Regulatory studies of murine methylenetetrahydrofolate reductase reveal two major promoters and NF-κB sensitivity

Two promoters of the murine methylenetetrahydrofolate reductase gene (Mthfr), a key enzyme in folate metabolism, were characterized in Neuro-2a, NIH/3T3 and RAW 264.7 cells. Sequences of 189 bp and 273 bp were sufficient to achieve maximal activity of the upstream and downstream promoter, respectively. However, subtle differences in minimal promoter lengths and in promoter activities were observed between the cell lines. Both promoters demonstrated comparable activity in NlH/3T3 and RAW 264.7 cells, while in Neuro-2a cells, the upstream promoter was 15-fold more active than the downstream promoter. Alignment and data mining tools identified a candidate nuclear factor kappa B (NF-kappa B) binding site at the 3'end of the downstream promoter that is conserved throughout several species.
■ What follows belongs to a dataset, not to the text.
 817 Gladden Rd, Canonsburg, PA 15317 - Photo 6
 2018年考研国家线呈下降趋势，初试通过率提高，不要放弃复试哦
NF-kappa B activation experiments in cultured cells were associated with increased Mthfr mRNA. Co-transfection of NF-kappa B and promoter constructs demonstrated Mthfr up-regulation by at least 2-fold through its downstream promoter in Neuro-2a cells; this increase was significantly reduced when the putative binding site was mutated. EMSA analysis demonstrated direct binding of NF-kappa B to this non-mutated site. This study, a first step into the elucidation of Mthfr regulation, demonstrates that two TATA-less, GC-rich promoters differentially drive transcription of Mthfr in a cell-specific manner, and provides a novel link of Mthfr to possible roles in the immune response and cell survival. (c) 2005 Published by Elsevier B.V.